La ville était donc ni accueillante ni bienveillante, et pourtant il l’aimait au point d’y venir ?

Je dirais à ce maire que moi, j’y suis né dans cette ville, 50 ans avant qu’il n’arrive à y faire son changement. Elle me convenait parfaitement, les boucheries étaient traditionnelles, les femmes en jupes. Le changement, il n’y a plus aucune boucherie traditionnelle, et une femme sur deux dans la rue est voilée.

Pourquoi donc cette manie de changer la vie ?

A partir du moment où la politique est devenue un métier, et même très rémunérateur, on retrouve les mêmes principes que dans le commerce : faire du nouveau pour attirer le gogo.
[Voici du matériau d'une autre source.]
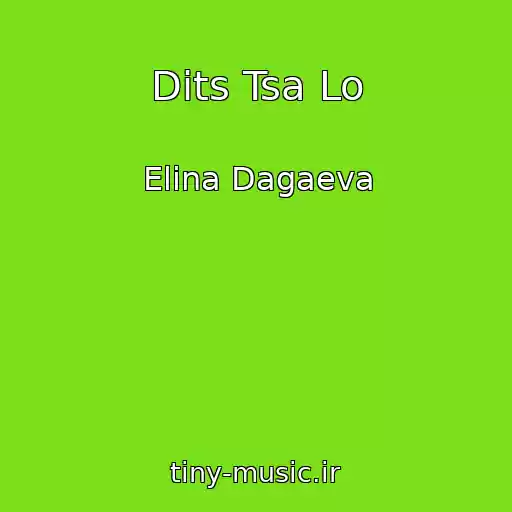 کاور آهنگ Dits Tsa Lo از Elina Dagaeva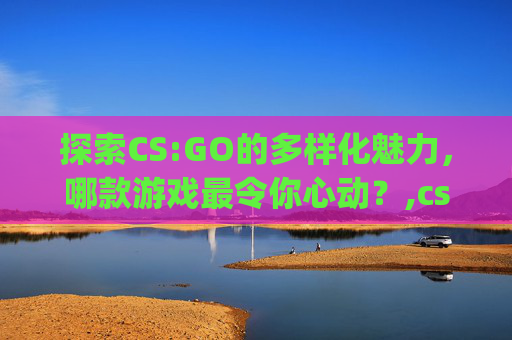 探索CS:GO的多样化魅力，哪款游戏最令你心动？,csgo游戏推荐-第1张图片-游戏守望资讯网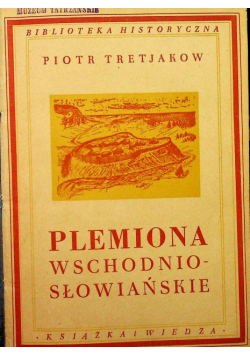 Plemiona wschodnio - słowiańskie 1949 r.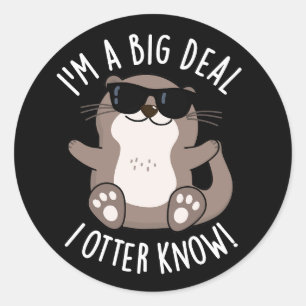 I'm A Big Deal I Otter Know Animal Pun Dark BG Classic Round Sticker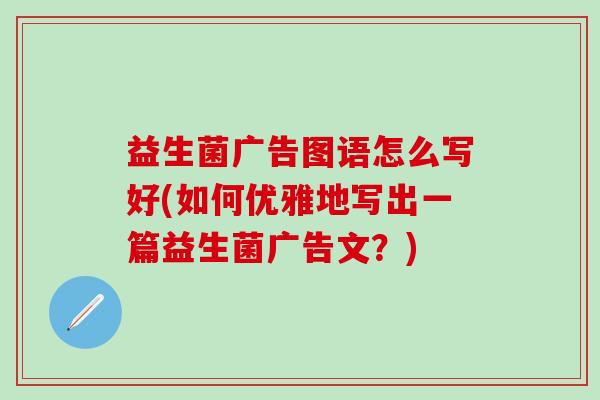 益生菌广告图语怎么写好(如何优雅地写出一篇益生菌广告文?) 益生菌广告图语怎么写好(如何优雅地写出一篇益生菌广告文?)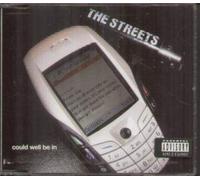 Streets, The - Could Well Be in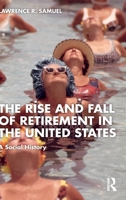The Rise and Fall of Retirement in America: A Social History 1041403496 Book Cover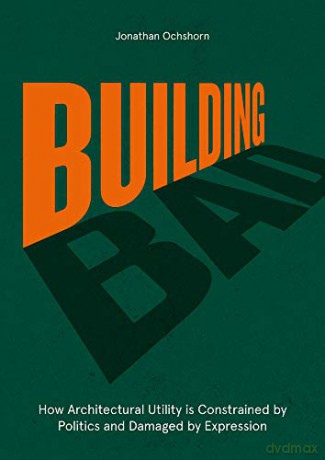 Building Bad: How Architectural Utility is Constrained by Politics and Damaged by Expression - Ochshorn [KSIĄŻKA]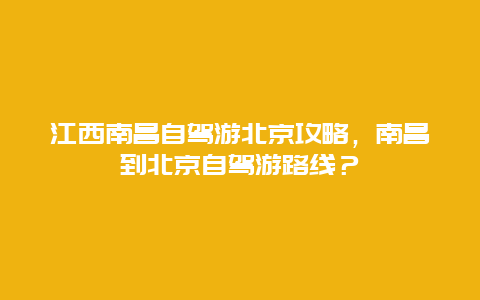 江西南昌自驾游北京攻略，南昌到北京自驾游路线？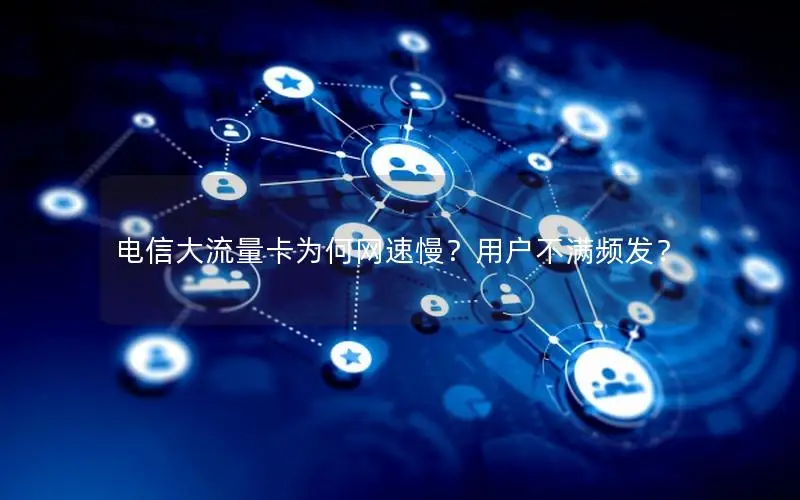 电信大流量卡为何网速慢？用户不满频发？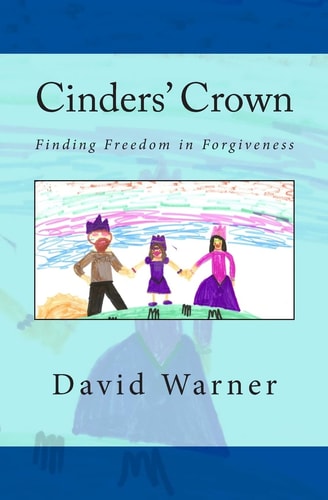 Cinders' Crown Finding Freedom in Forgiveness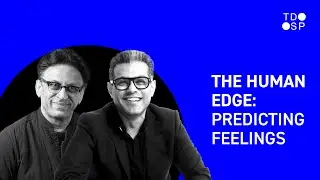Human Edge: Predicting Feelings | Ep.2 It&rsquo;s Not Storytelling, ​It&rsquo;s About Creating a Feeling | TDSP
Tel l’industriel qui pour survivre doit créer sans cesse de nouveaux besoins auprès des consommateurs afin de leur faire acheter ses produits censés les satisfaire, les socialistes, champions dans le domaine de ceux qui n’ont jamais travaillé, doivent eux aussi justifier l’existence de leur ministère et assurer leur chiffre d’affaires annuel, en faisant découvrir au peuple que sa vie est mal faite et qu’il faut la changer.

C’était d’ailleurs un slogan du parti communiste dans les années 70 : changer la vie.

Tel le jeune qui a sacrifié des années d’études de marketing. Une fois qu’il a décroché un emploi (le chanceux) il ne va pas cracher dans la soupe et dire à son patron que le produit est mauvais. Il va oublier qu’il est votre voisin et se mettre au service de son patron, vous le vendre avec la sincérité d’un arracheur de dents.

Tel le publiciste qui décroche un contrat pour une grande marque, il ne va pas dire au client que son produit est inutile au peuple et refuser d’en faire un clip. Il va oublier ses idées généreuses de gauche et vous l’emballer d’une pub trompeuse.

Il en est de même pour Belkacem, qui doit justifier son salaire, et trouver sans cesse, au service de son patron, de nouveaux domaines où la vie est mal faite. C’est ainsi que l’infirmière découvre qu’elle est malheureuse, elle ne savait pas qu’elle aurait pu être maçonne. Et comme par hasard, comme pour tout nouveau produit sur le marché, la pub pour les innovations « Belkacem » arrive à France Info dans une rubrique « histoire d’égalité ».